Data for this exercise below:

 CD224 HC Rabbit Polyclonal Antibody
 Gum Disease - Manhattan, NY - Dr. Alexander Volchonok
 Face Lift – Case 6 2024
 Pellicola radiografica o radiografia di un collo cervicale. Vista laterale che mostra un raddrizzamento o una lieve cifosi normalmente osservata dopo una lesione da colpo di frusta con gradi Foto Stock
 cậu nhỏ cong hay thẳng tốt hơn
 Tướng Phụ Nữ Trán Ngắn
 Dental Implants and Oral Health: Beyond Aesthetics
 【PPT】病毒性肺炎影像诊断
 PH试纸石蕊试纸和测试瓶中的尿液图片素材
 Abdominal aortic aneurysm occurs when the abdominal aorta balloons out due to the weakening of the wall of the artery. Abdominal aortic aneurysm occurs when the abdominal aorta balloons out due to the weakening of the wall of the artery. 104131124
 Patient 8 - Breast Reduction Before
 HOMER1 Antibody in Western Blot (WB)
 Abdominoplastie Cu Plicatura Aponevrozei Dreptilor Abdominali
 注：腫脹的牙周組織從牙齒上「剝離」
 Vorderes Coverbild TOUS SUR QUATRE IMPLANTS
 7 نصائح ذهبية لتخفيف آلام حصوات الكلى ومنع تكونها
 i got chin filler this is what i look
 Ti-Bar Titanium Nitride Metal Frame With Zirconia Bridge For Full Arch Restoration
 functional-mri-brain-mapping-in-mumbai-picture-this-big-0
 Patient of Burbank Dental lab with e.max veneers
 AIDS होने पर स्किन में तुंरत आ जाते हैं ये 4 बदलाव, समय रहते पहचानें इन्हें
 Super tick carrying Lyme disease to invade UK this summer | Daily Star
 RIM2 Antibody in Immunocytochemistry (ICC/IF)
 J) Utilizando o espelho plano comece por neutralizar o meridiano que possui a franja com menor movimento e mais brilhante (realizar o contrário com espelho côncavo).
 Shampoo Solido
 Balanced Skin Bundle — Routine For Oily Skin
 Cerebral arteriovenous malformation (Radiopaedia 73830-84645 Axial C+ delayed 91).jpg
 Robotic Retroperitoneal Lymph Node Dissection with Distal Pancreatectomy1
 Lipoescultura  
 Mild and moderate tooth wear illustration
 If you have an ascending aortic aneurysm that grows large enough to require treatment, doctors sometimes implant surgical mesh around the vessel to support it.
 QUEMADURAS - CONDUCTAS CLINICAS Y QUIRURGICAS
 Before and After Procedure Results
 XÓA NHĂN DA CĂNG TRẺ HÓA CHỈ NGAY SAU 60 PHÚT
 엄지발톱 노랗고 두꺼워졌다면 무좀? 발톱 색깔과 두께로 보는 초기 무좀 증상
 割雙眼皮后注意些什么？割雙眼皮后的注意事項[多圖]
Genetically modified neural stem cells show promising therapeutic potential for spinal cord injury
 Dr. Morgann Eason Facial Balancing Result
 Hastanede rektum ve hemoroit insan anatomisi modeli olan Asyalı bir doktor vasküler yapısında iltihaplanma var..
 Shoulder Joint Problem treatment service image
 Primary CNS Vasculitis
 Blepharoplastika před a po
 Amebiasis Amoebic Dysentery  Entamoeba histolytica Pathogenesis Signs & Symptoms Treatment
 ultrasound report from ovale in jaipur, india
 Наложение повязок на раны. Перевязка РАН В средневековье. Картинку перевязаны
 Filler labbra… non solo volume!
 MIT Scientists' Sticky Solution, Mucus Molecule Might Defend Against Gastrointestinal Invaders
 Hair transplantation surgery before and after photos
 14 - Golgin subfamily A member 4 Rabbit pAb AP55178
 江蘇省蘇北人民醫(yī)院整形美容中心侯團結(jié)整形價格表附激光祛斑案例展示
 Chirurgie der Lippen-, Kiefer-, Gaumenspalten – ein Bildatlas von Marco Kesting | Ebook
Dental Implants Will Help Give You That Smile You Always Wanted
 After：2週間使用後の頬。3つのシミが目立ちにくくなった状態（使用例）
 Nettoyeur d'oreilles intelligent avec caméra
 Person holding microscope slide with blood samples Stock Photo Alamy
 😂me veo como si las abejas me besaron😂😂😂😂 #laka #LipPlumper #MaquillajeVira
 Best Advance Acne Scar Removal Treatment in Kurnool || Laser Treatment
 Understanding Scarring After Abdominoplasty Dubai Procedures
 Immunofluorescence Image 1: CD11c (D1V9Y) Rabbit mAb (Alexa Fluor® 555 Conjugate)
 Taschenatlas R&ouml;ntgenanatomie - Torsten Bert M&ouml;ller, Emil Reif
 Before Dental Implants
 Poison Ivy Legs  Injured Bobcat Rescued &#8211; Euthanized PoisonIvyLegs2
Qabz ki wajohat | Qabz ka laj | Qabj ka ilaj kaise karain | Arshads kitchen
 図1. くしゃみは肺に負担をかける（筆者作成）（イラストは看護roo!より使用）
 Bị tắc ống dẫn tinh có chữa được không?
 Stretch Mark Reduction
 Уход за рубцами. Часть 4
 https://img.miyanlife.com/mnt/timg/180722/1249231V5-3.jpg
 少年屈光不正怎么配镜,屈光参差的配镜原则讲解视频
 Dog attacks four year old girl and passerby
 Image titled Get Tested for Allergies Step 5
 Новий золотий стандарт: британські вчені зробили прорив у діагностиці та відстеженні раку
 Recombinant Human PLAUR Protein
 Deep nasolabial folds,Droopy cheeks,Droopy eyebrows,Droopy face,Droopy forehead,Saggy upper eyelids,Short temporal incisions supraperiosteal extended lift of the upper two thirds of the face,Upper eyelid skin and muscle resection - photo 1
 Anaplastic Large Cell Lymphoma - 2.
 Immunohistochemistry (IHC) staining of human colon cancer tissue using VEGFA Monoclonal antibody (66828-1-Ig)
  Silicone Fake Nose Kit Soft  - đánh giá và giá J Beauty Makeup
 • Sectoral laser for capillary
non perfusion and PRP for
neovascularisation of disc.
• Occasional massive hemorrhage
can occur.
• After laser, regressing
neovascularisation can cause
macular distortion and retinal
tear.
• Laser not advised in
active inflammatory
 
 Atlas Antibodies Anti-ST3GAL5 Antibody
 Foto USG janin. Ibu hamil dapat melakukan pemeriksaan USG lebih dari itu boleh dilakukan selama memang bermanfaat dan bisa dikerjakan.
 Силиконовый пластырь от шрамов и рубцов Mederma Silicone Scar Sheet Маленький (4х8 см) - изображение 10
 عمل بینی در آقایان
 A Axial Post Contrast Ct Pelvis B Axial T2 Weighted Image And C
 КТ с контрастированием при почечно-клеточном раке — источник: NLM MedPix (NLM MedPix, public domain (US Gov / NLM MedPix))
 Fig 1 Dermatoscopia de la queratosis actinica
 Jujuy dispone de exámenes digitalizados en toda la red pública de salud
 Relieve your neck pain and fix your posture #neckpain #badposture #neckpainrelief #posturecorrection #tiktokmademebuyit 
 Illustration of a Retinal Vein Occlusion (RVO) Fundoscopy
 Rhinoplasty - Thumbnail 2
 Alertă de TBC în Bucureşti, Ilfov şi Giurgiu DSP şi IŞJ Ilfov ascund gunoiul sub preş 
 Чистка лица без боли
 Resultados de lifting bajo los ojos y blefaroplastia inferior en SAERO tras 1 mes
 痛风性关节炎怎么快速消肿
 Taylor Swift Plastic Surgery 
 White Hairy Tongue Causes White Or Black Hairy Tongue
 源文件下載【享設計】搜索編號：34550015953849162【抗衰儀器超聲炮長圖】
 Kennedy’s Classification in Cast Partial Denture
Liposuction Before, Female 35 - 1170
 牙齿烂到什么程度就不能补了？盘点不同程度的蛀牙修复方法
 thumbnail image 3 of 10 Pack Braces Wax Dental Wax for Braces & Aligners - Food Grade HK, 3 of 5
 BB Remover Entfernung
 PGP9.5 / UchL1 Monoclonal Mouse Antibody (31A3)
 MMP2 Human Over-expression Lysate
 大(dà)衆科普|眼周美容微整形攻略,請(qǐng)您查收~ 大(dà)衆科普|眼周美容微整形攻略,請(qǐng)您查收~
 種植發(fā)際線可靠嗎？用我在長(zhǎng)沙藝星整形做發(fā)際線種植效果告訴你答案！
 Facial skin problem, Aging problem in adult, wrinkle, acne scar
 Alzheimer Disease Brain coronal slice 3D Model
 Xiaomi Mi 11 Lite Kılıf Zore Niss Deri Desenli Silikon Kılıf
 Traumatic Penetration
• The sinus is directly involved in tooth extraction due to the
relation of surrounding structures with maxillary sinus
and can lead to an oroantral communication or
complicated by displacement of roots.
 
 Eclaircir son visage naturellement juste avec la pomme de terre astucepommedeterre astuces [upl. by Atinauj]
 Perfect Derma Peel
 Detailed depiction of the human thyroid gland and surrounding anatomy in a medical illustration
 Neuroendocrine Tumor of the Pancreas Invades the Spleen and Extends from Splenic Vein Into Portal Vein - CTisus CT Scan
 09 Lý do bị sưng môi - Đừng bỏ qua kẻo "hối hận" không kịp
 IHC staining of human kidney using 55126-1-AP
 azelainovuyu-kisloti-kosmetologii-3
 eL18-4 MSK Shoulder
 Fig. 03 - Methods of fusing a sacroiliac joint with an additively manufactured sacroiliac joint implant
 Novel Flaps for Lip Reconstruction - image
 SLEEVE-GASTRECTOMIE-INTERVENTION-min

End of Data for this exercise.

Task item -
The answer consists of the line holding "Eclaircir son visage" and every line after it up to the end of the records, word for word.

Answer -
 Eclaircir son visage naturellement juste avec la pomme de terre astucepommedeterre astuces [upl. by Atinauj]
 Perfect Derma Peel
 Detailed depiction of the human thyroid gland and surrounding anatomy in a medical illustration
 Neuroendocrine Tumor of the Pancreas Invades the Spleen and Extends from Splenic Vein Into Portal Vein - CTisus CT Scan
 09 Lý do bị sưng môi - Đừng bỏ qua kẻo "hối hận" không kịp
 IHC staining of human kidney using 55126-1-AP
 azelainovuyu-kisloti-kosmetologii-3
 eL18-4 MSK Shoulder
 Fig. 03 - Methods of fusing a sacroiliac joint with an additively manufactured sacroiliac joint implant
 Novel Flaps for Lip Reconstruction - image
 SLEEVE-GASTRECTOMIE-INTERVENTION-min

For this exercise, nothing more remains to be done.